As US equities climb toward the 62% retracement mark, Hirst said we are carving out a rebound, but we could overshoot, so taking a short position presents a lot of risk and is a hard trade to hold.

“My preference overall is to go to other countries where there are simpler opportunities and you’re not fighting against what is a tsunami of liquidity,” he said.

Hirst is looking at the JPMorgan EMFX index, which has been grinding around all-time lows over the past few weeks, and said that investors may want to play the currencies that have already broken down, where dollar strength is on your side, like the currencies of Mexico, South Africa, and Brazil.

“If you pick out one or two of the commodity-reliant currencies, that’s a much safer way of playing the macro than being short the S&P where you’re battling against the Fed as well,” he said.

Hirst also discussed CLOs and said there could be opportunity for a savvy investor to come in and pick up some things that look good after the downgrades come through.

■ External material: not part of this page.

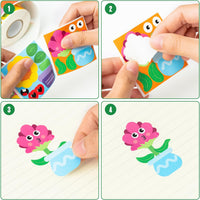 Cartoon Spring Flower DIY Sticker - Haooryx 300pcs Spring Theme Make A Flower Scene Sticker Roll, Cute Rose Sunflower Happy Face Flower Decals Mix and Match DIY Sticker for Kids Spring Party Supply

Often the best way to play is to pick up the distressed assets rather than chase the distressed assets down, he said.

Overall, pressures are building up underneath the liquidity provided by the Fed and while everyone is hoping for a quick recovery, Hirst said that the framework of how business is done and how we invest money has fundamentally changed, so markets remain vulnerable outside of central banks pumping the market.

We don’t have a lot of visibility going forward, there’s a lot of potential negativity to come that is not priced in, and a rebalancing may be in order, he said.

“The real world beyond the US equity market is showing us that there is a lot of pain.”